My mind is buzzing this New Year

Happy New Year everyone! As a Mom, I had a great holiday break. Today is our first day of school so it feels like the first normal day of the New Year. Fortunately, I like my work, so "normal" is a good thing.

We have big plans a-brewing at MojoMom.com. At the end of this week we'll start counting down the days to the April 7 release of the new edition of Mojo Mom. Stay tuned for more details coming soon....

As far as New Year's Resolutions go, I want to recommend a book we should all read or re-read: The Lifelong Activist by Hillary Rettig. Being a Mom is a lot like being an artist or activist, and Rettig helps us creative types avoid burnout and act effectively. Activists run into many of the self-sacrifice issue that really affect Moms, so I could insert the word "Mom" into much of Rettig's advice, and it made perfect sense. Highly recommended.

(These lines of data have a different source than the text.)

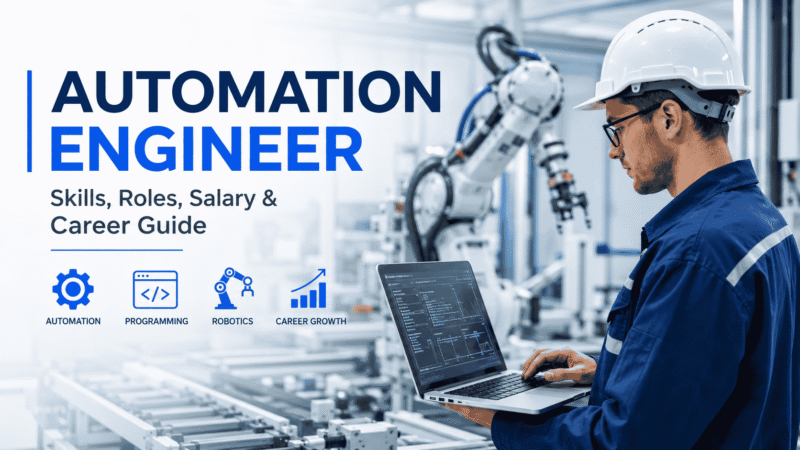 Automation Engineer Jobs and Salary in the USA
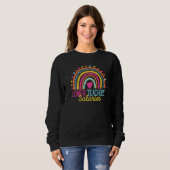 Lower Teacher Salaries Teacher Rainbow Teacher Sweatshirt (Vorne ganz)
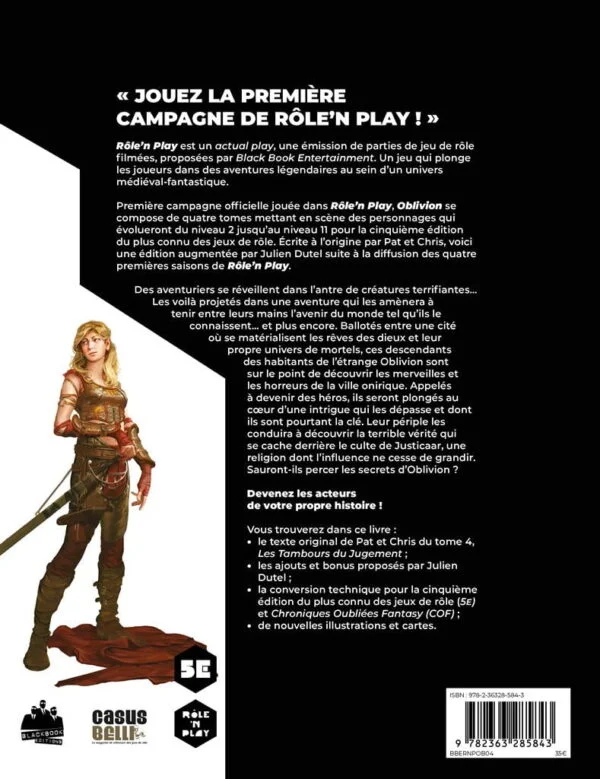 5E - Role'n Play : Oblivion 4 - Les Tambours du Jugement – Image 2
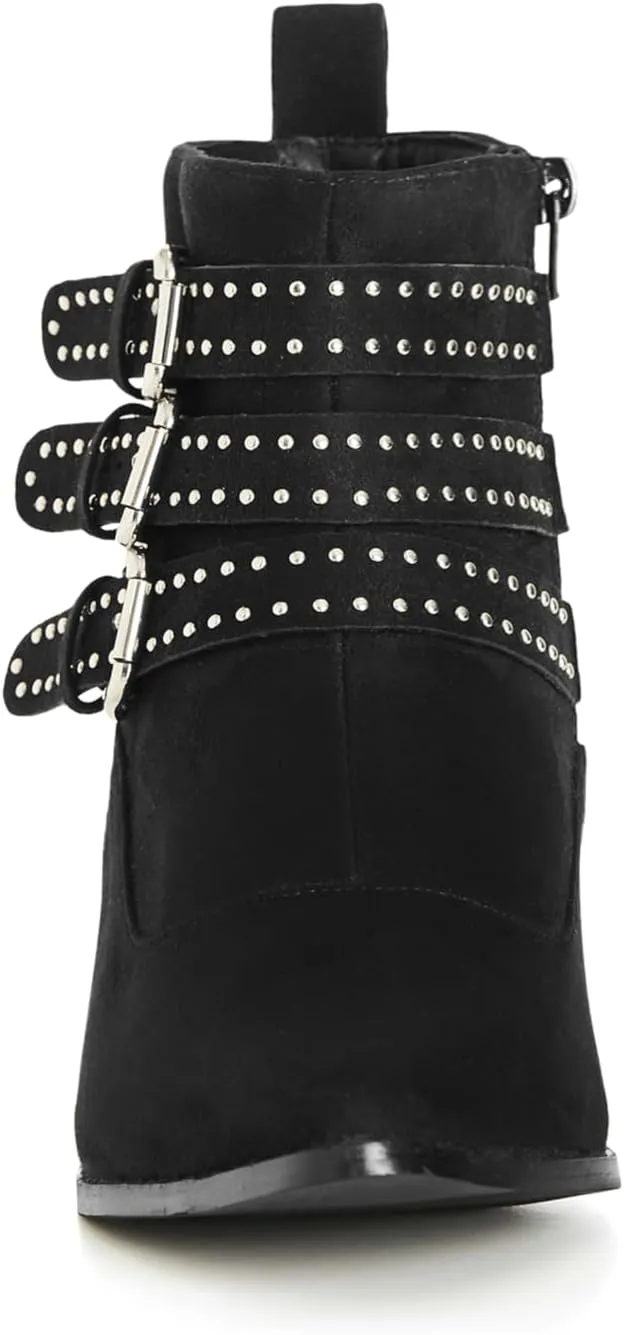 City Chic Women's WIDE FIT Bexley Ankle Boot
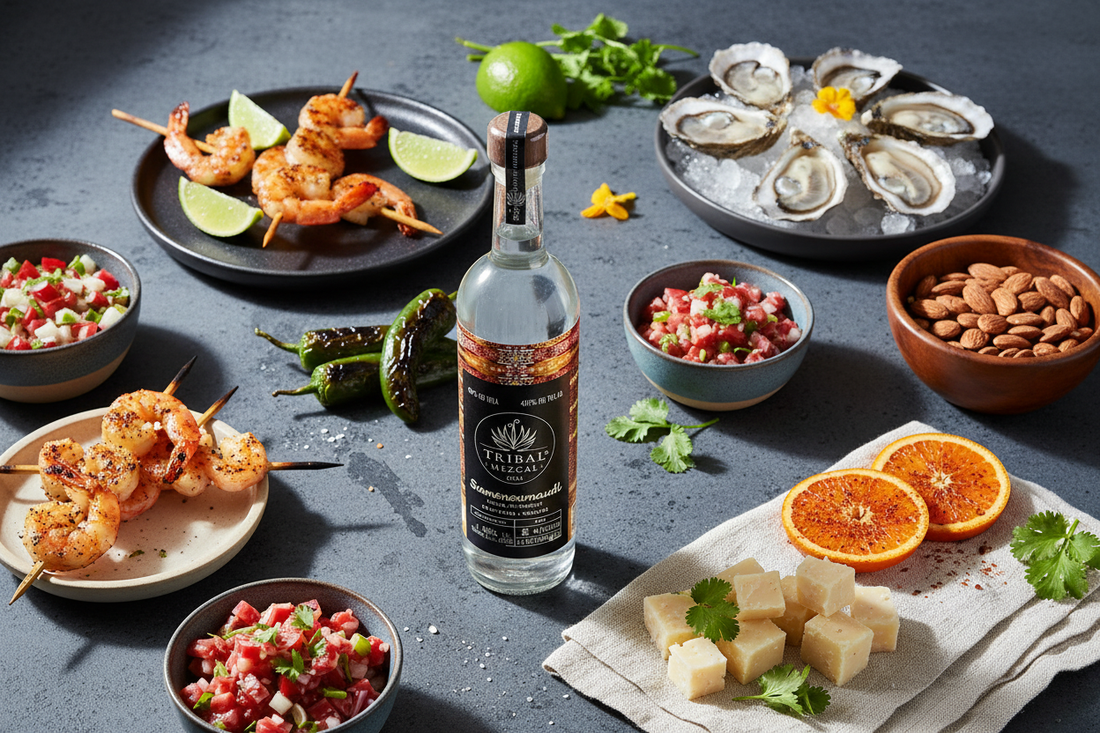 Mezcal Tribal Joven Espadín 250 ml | Mezcal Artesanal Formato Pocket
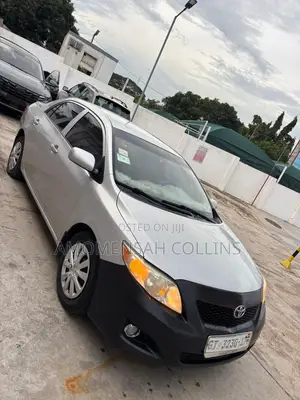 Toyota Corolla LE 4dr Sedan (1.8L 4 cyl 4A) 2009 Silver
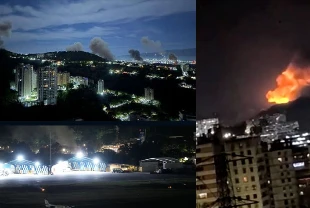 SON DAKİKA: ABD Venezuela'yı bombalıyor! Maduro OHAL ilan etti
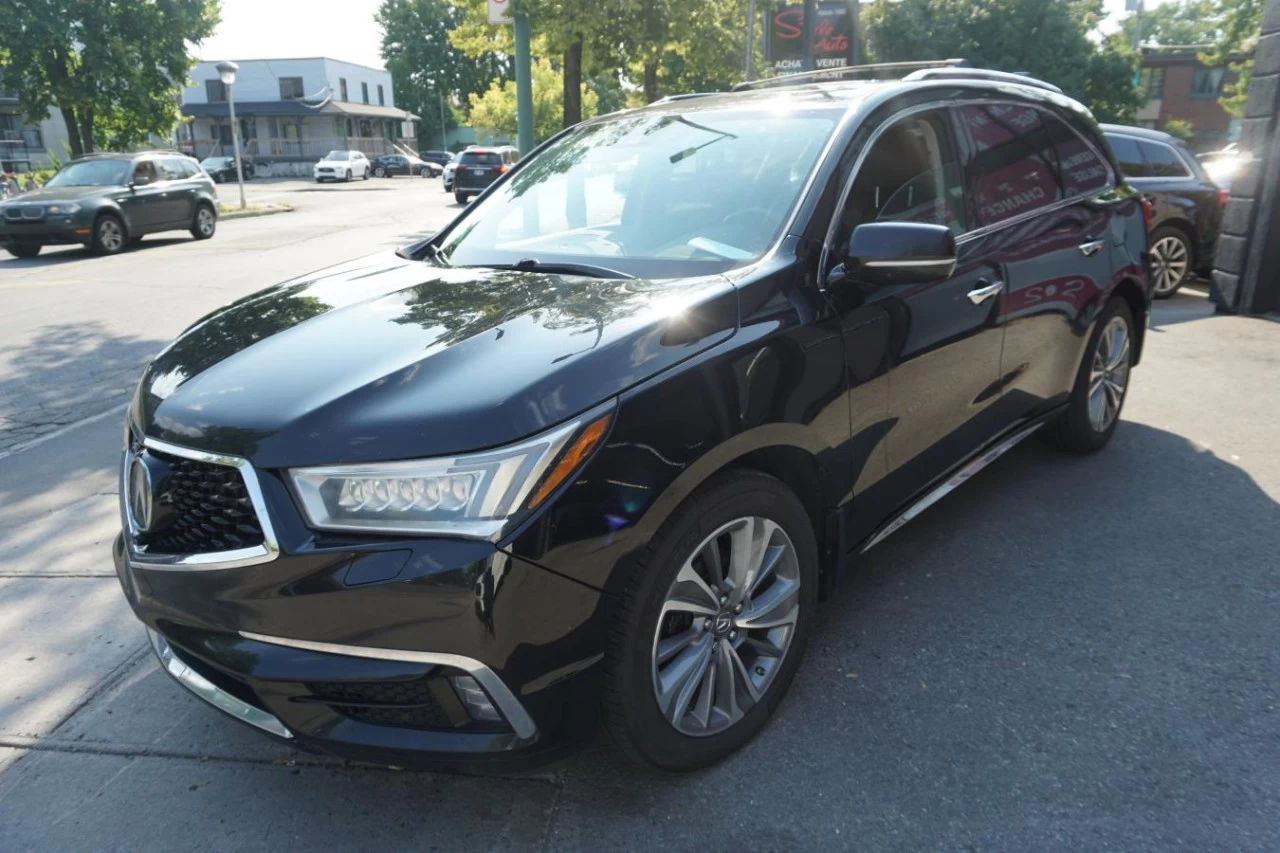 2018 Acura MDX ELITE SH-AWD 7 PASS LEATHER ROOF CAM NAV TV DVD Image principale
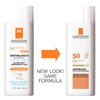 La Roche-Posay Anthelios Tinted Sunscreen SPF 50, Ultra-Light Fluid Broad Spectrum SPF 50, Face Sunscreen with Titanium Dioxide Mineral Face Sunscreen, Universal Tint, Oil-Free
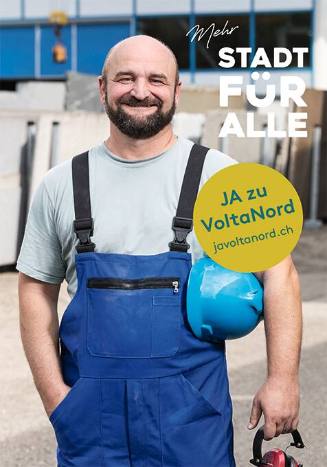 Mehr Stadt für alle, Ja zu VoltaNord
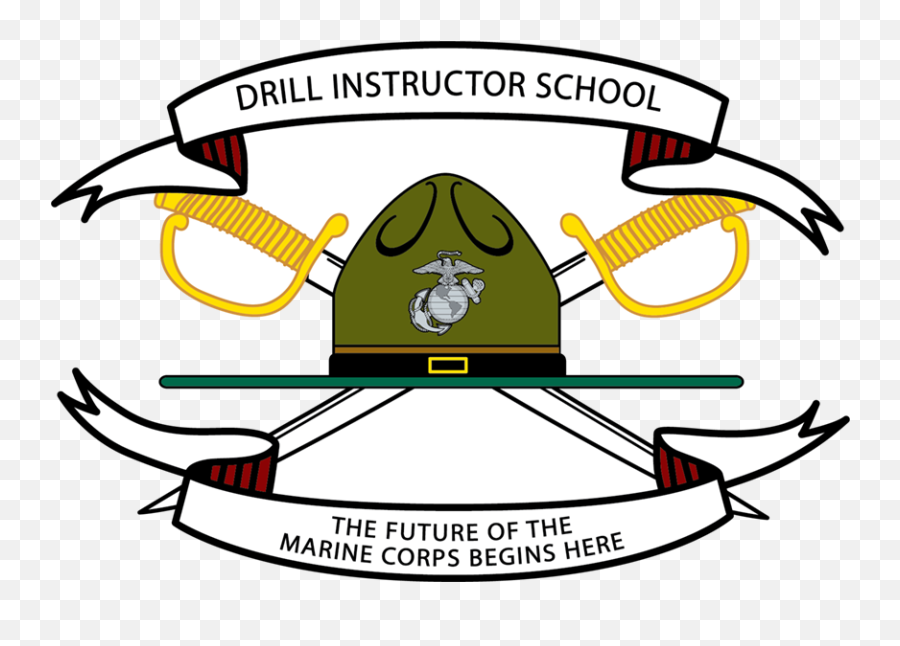 United States Marine Corps - Drill Instructor School Parris Island Emoji,Marine Corps Logo Vector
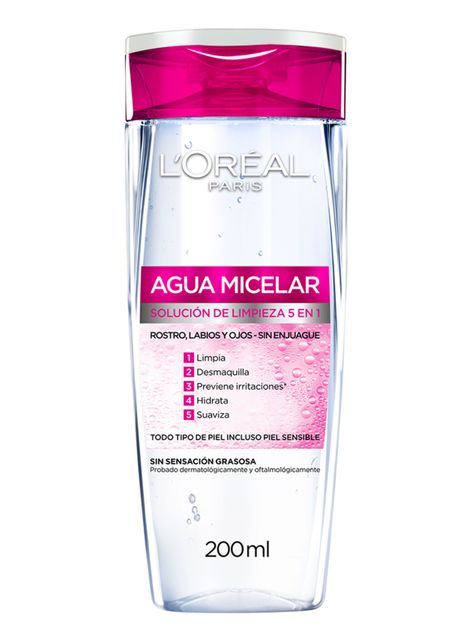 Set Dermo Expertise L'Oréal Paris Tratamiento Crema Ht5 Día + Agua Micelar 200 ml-3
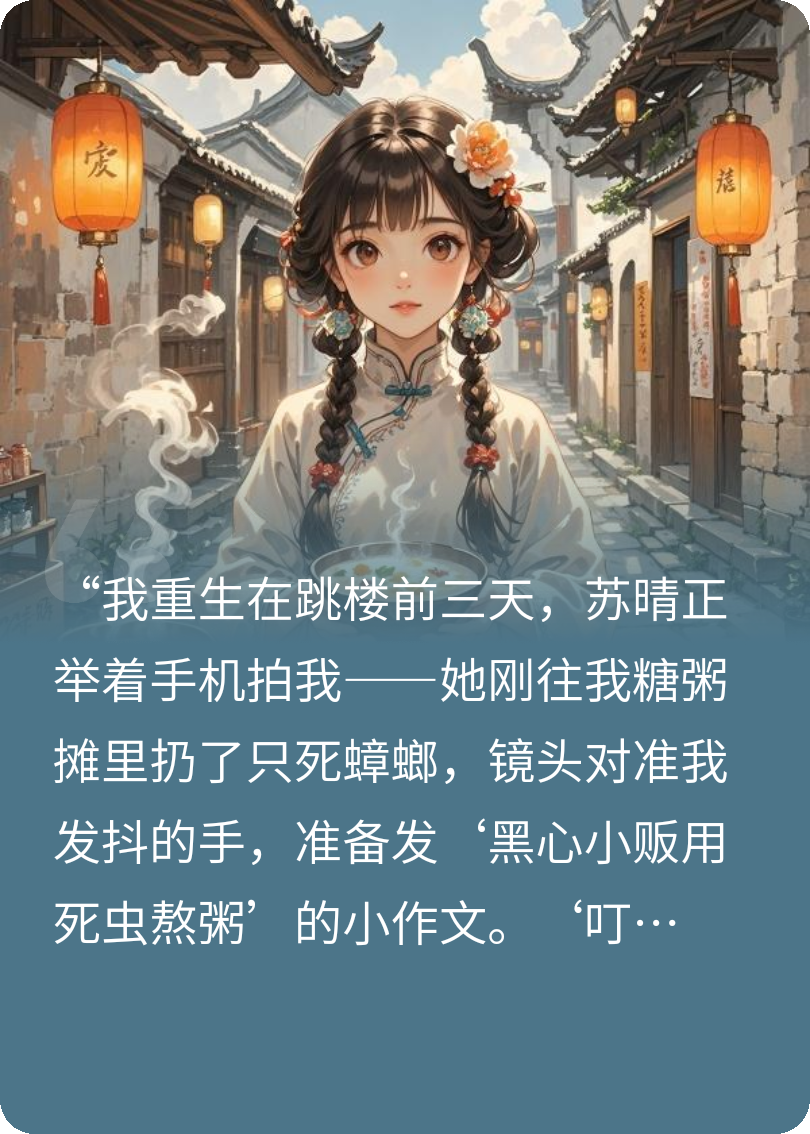 重生開店，偽善閨蜜哭著求復合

My mind is buzzing today, so I'll go off on one more tangent: Heba Salama, a successful contestant from The Biggest Loser, lives in my area and she was featured in today's Raleigh News & Observer, rocking some hot jeans. She is now size 10 and weighs a healthy 150 pounds. She started at 294 pounds in early 2008 and she and her husband wanted to get healthy before starting a family. I mention that because not only does she look great, and so ebullient, but how many of us are sitting here feeling "not skinny enough" at 150 pounds, instead of appreciating what we have? My resolution is to be kind to my body this year, to treat it well. I try to exercise each day, but if I get out of my routine, the most important thing is to do what I can, little by little, not worrying that I have failed if I miss a day.

How can you be kinder to yourself in 2009?